Há algumas sensibilidades que faz parte da minha natureza que precisam ser cuidadas, entretanto, só conseguia enxergar um modo de cuidar onde ficaria mais desequilibrada e não estava conseguindo perceber. A tentativa desesperada de sair de uma prisão de sofrimento me encaminhou para outro tipo de lugar existencial onde eu continuaria aprisionada. E, por mais que racionalmente não fizesse lógica para mim, essa tentativa de deslocamento, eu estava caminhando para ele.
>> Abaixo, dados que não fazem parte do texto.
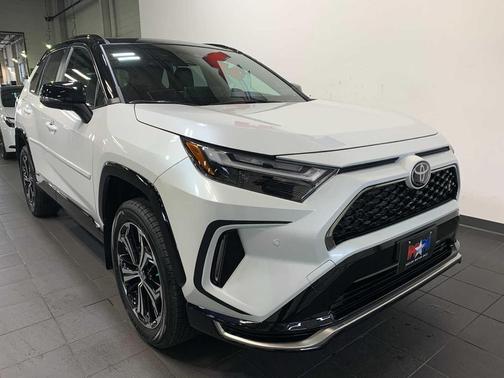 2025 Toyota RAV4 Hybrid SE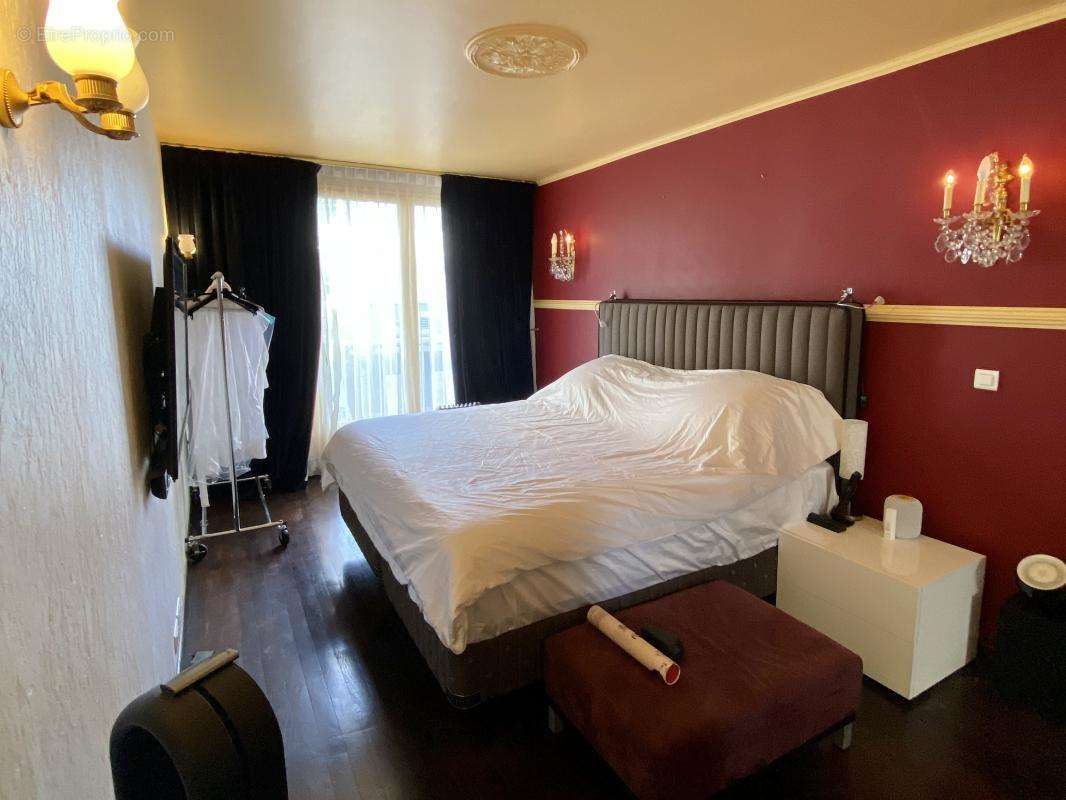 Appartement à LEVALLOIS-PERRET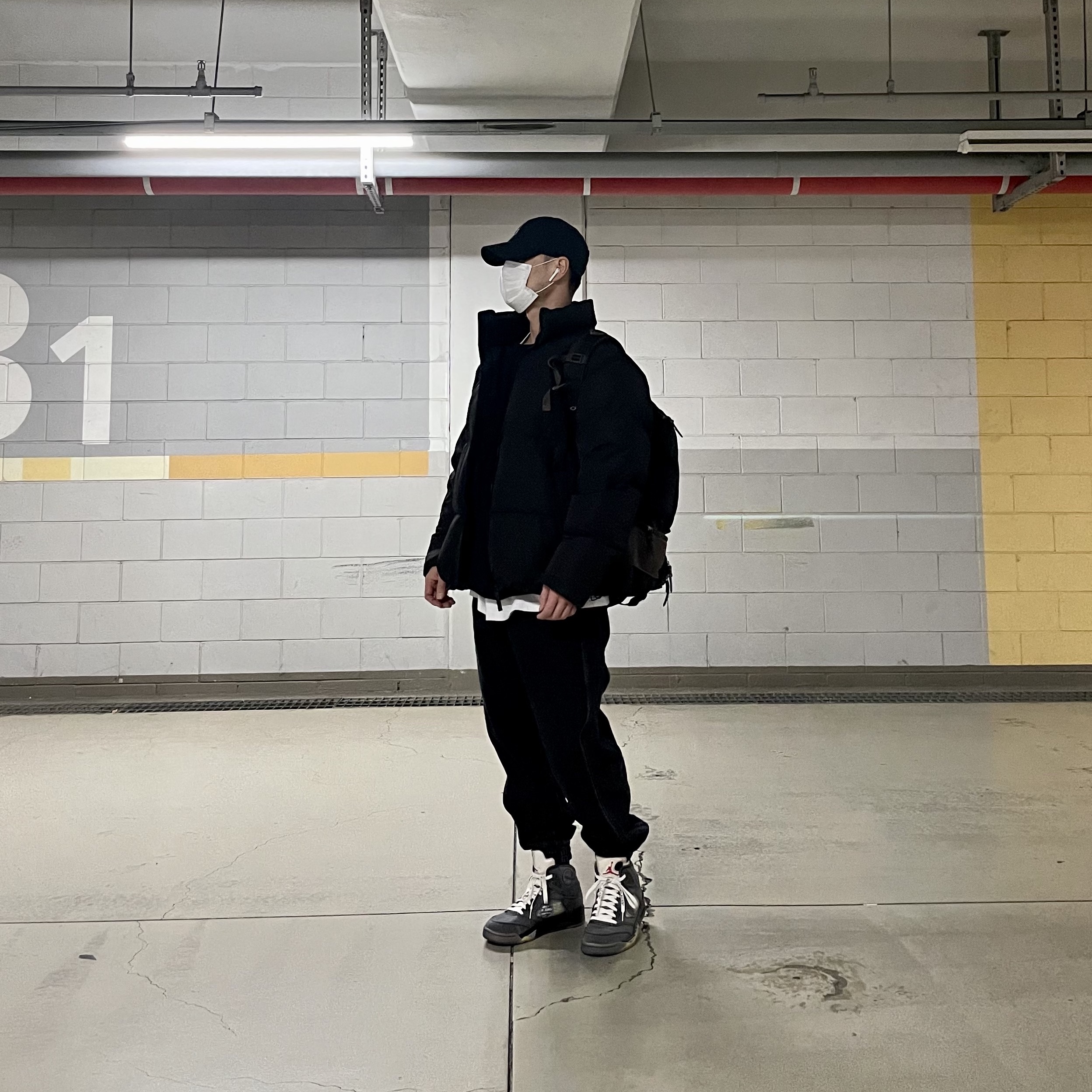 Jordan 5 x Off-White Retro SP Black Muslin 착용 스타일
Fiquei meia hora da minha terapia falando, chorando, trazendo questões profundas de alma, maldizendo a falta de direcionamento que nunca tive para aliviar as dores de uma sensibilidade tão ostensiva que não percebi que eu mesma estava selecionando o que me libertaria e o que me acorrentaria. O processo terapêutico é fantástico para mim. Mas cuidado, demorei a encontrar um bom terapeuta. Não entregue sua mente para qualquer terapeuta, busque referências, busque saber sobre a ética desta pessoa na vida pessoal e como profissional. São questões importantíssimas. Ah! Procure saber se mesmo depois de anos de consultório, o terapeuta continua a estudar, se está sempre buscando cultura, literaturas, pois os melhores profissionais desta área são os mais cultos e diversificados. Não acredite num terapeuta que pensa que sabe tudo e que te apresente soluções rápidas para sua análise.
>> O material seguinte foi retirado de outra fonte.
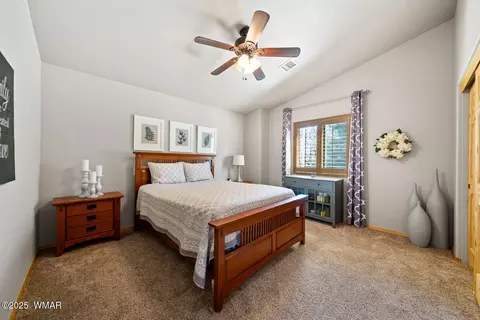 Bedroom - 2046 Christmas Pine Rd, Overgaard, AZ 85933 photo 4 of 4
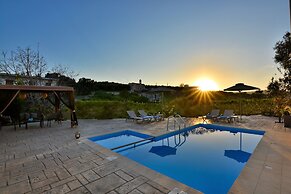 Elia Villa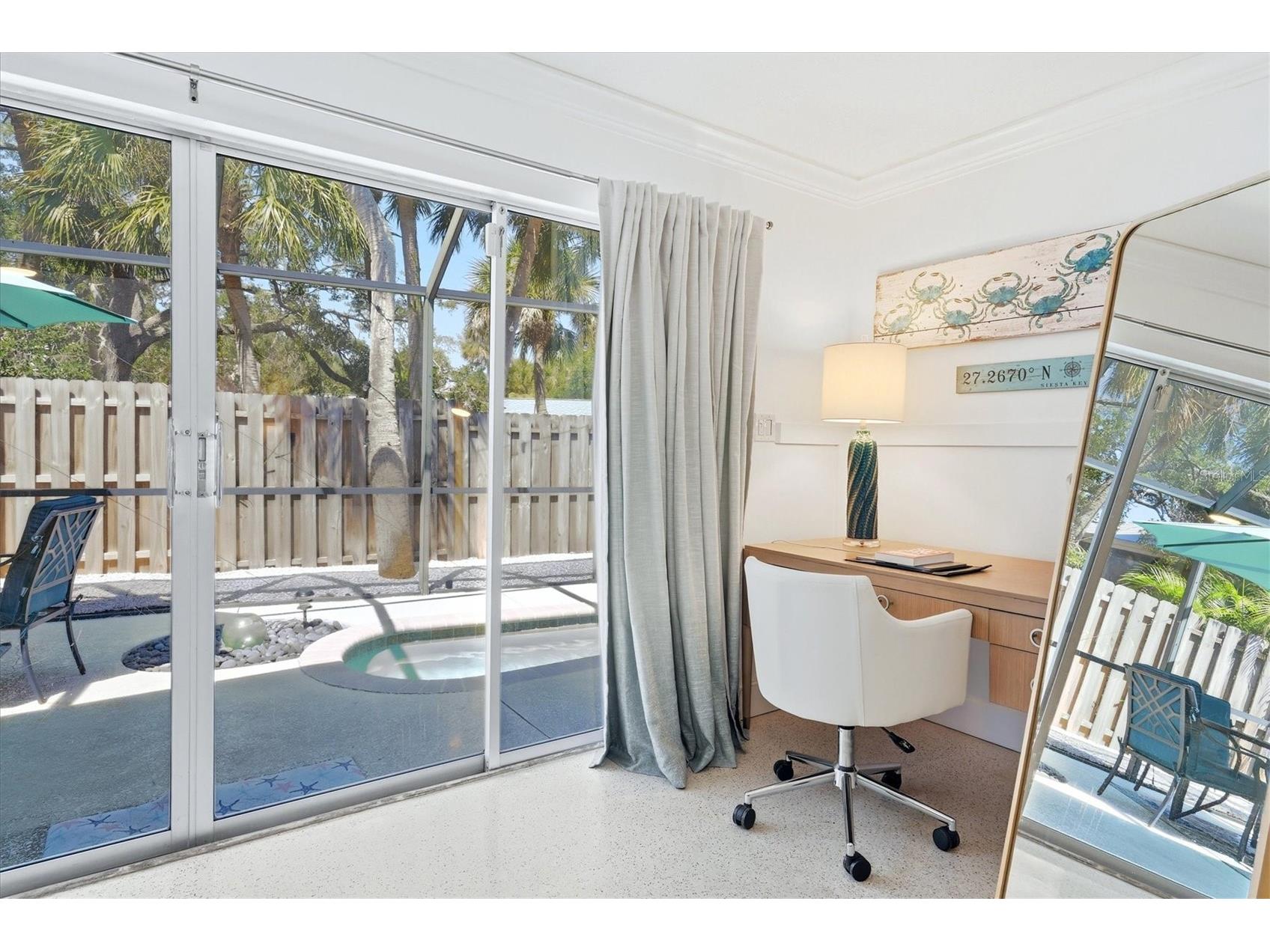 5128 Oxford Drive Sarasota FL 34242 A4697056 image28
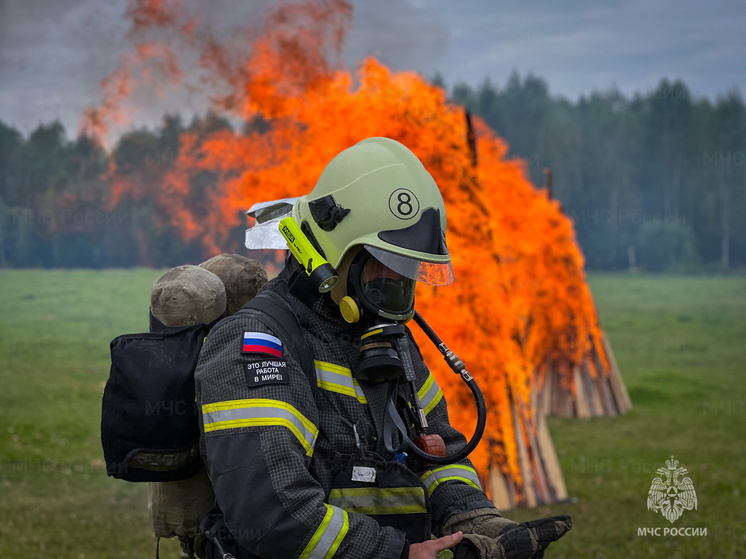 Ликвидировали лесной пожар и разбирали завалы: в Пермском крае завершились трехдневные учения МЧС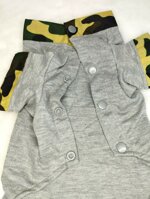 modello-roccia-maglia-grigia-con-dettagli-camouflage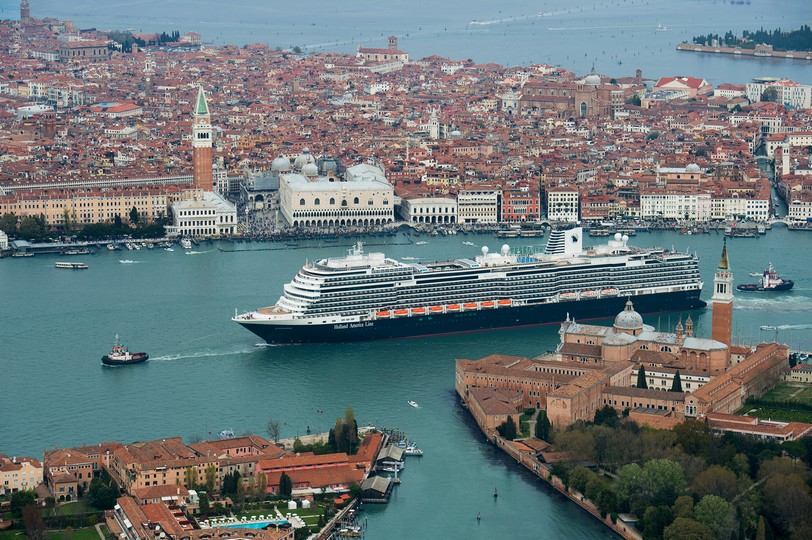 Koningsdam_Venice.jpg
Voltando à questão da liberdade.... Pois bem, através da escuta atenta e por me conhecer bem, bastou pequenas interlocuções para eu perceber que confiava mais no discurso de pessoas que nem sabiam qual era minha questão em particular, para eu acreditar em várias receitas de "bolo" dos pregadores do senso comum, e descuidar totalmente da confiança que já tinha adquirido de mim mesma, para sair de uma prisão e me aprisionar em outra.
Mudar padrões preestabelecidos, agendados durante anos, não será em apenas um final de semana, com promessas milagrosas, requer muito autoconhecimento. Tenho percebido tantas práticas, ditas terapêuticas, com a promessa de resultados instantâneos ou quase, que me assusto.
Entretanto, somos livres, até para fazer escolhas não muito acertadas para a nossa vida, e que assim seja. Pois a liberdade é uma conquista, que a partir do momento que percebermos que é real, trará leveza e paz.